What metrics are you attempting to collect from the client to report
back to the MGR? Does the MDS already have these client metrics? Can
the MDS not just provide its own "MDS command" I/F to query those
metrics a la what "rbd_support" is providing in the MGR?

> >
> > > ... and a callback function is provided to `MgrClient` (invoked
> > > periodically) to fill in appropriate metrics data in its report.
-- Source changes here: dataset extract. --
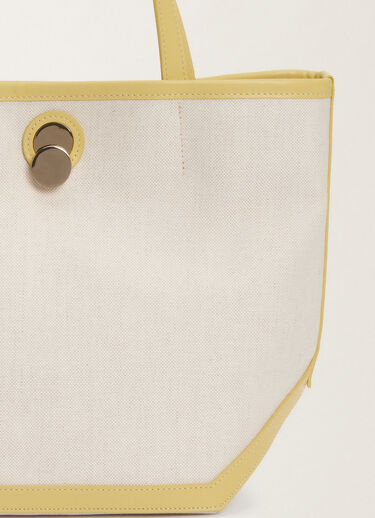 Fabiana Filippi Eclissi canvas and leather medium tote bag, cedar YELLOW BGD265A907L2150000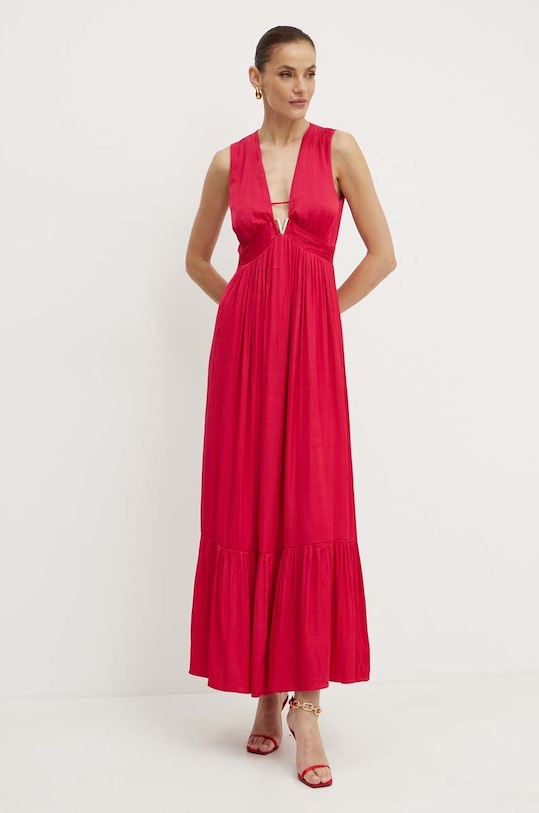 Morgan rochie RISIS maxi roz RISIS.FRESIA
This
> > > works well and is similar to how OSD updates PG stats to Ceph Manager.
> > >
> > > I guess changes of this nature was not required by RBD as it can get
> > > the required data by querying the OSDs (and were other approaches
> > > considered regarding the same)?
> >
> > You would also want to be able to query client data IO metrics via the
> > OSDs -- you won't get that data from the MDS, right (unless the
> > clients are already posting metrics back to the MDS periodically)?
>
> I haven't gotten into figuring out (yet) the set of metrics that can
> be fetched via the OSD.

IO performance (throughout/latency)?

> Clients would post to the MDS data that it's aware of such as its
> cache utilization, OSDC buffer readahed usage, etc..

To me, those doesn't sound like "iotop"-like perform metrics, but
instead like client-state.

> >
> > > Thanks,
> > > -Venky
> >
> > --
> > Jason
>
>
>
> --
>     Venky

-- 
Jason